### Your task
In the material below, pictures must be dropped. Repeat exactly, and only, the lines from the line with "Hollman Morris junto" to the line with "3 izbový byt", both ends included.

### Entries shown
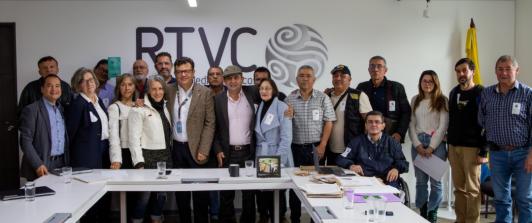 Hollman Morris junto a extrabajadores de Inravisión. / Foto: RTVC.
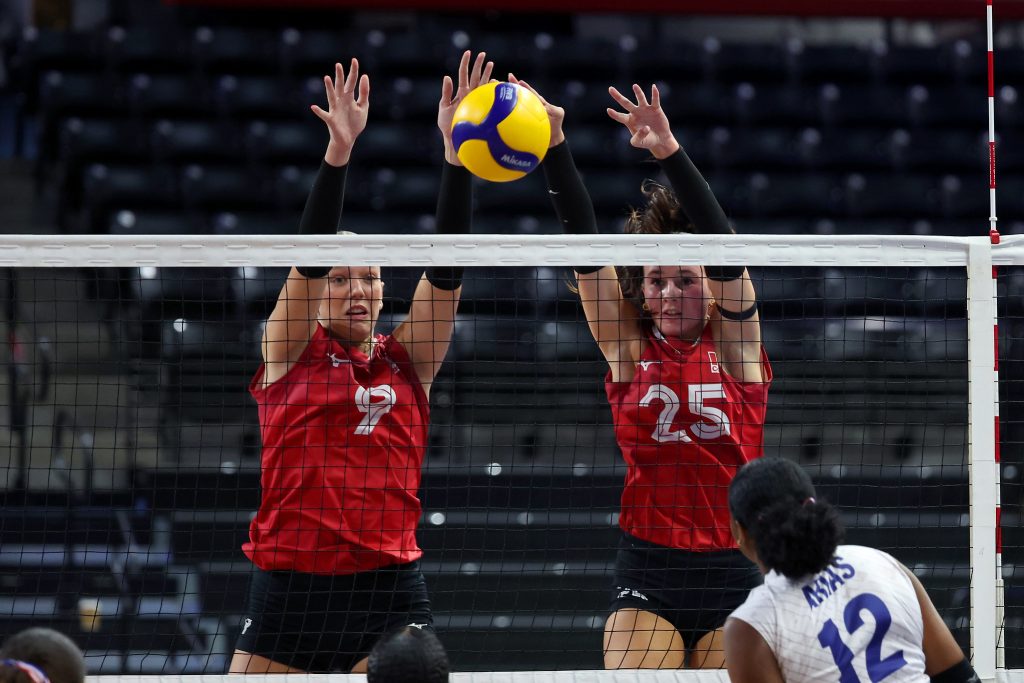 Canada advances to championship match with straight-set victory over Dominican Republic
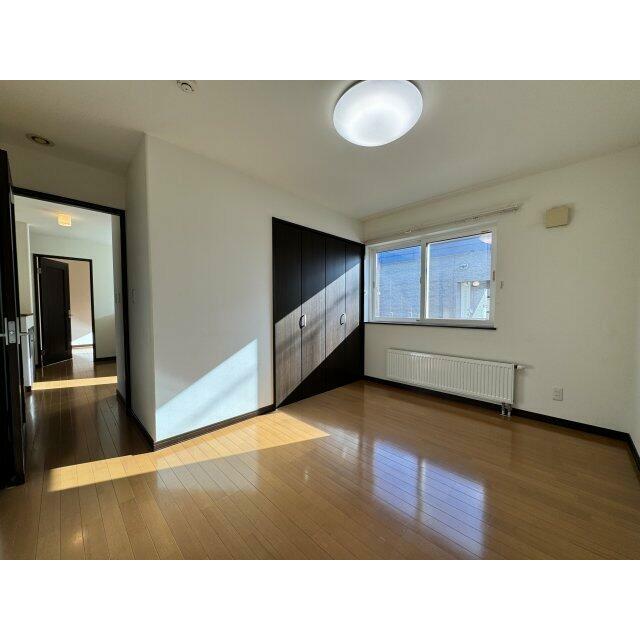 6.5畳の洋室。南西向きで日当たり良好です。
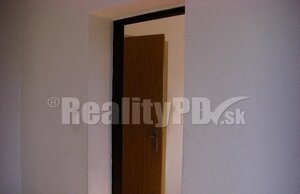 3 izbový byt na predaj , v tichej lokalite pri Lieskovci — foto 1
==
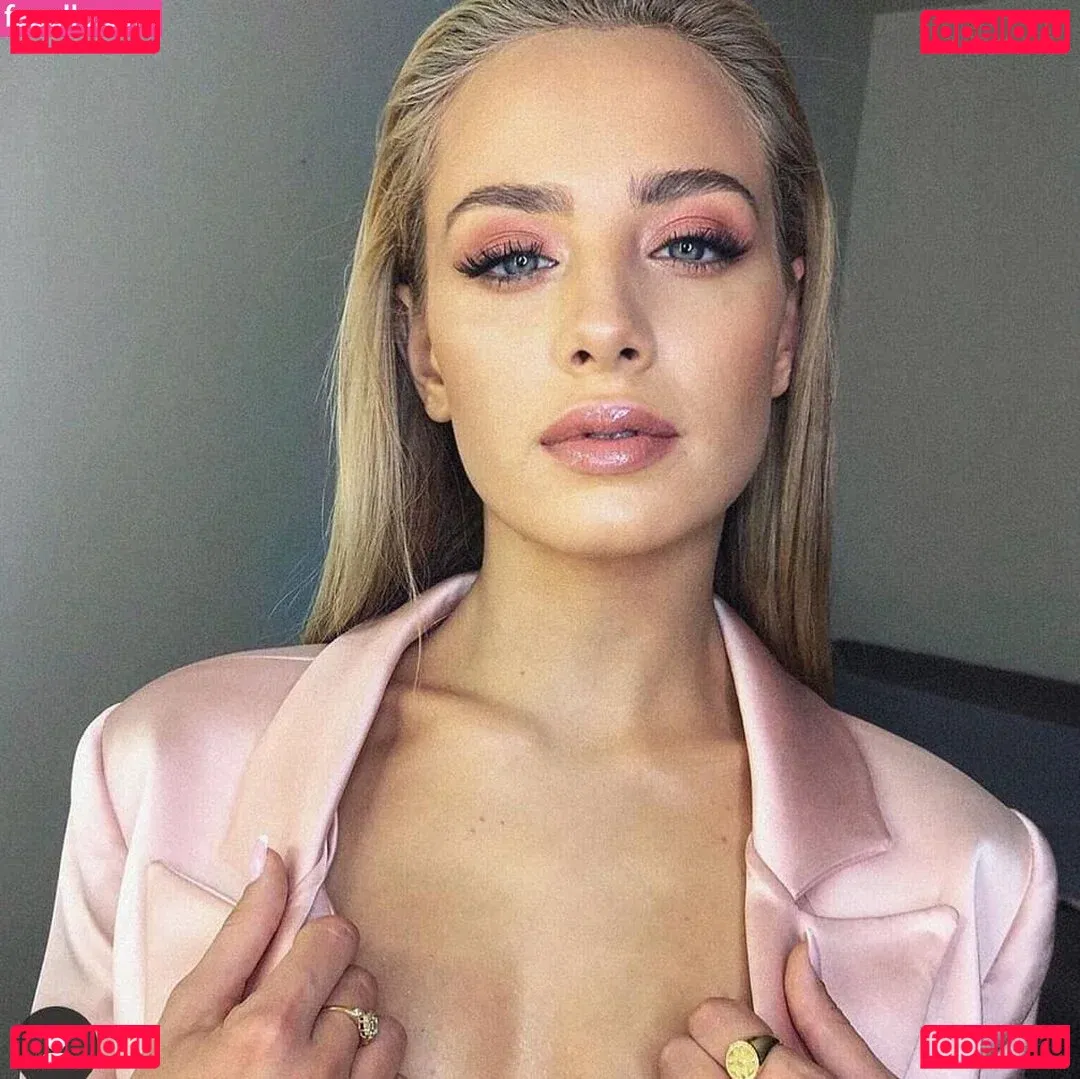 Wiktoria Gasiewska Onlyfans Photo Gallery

### Answer space
 Hollman Morris junto a extrabajadores de Inravisión. / Foto: RTVC.
 Canada advances to championship match with straight-set victory over Dominican Republic
 6.5畳の洋室。南西向きで日当たり良好です。
 3 izbový byt na predaj , v tichej lokalite pri Lieskovci — foto 1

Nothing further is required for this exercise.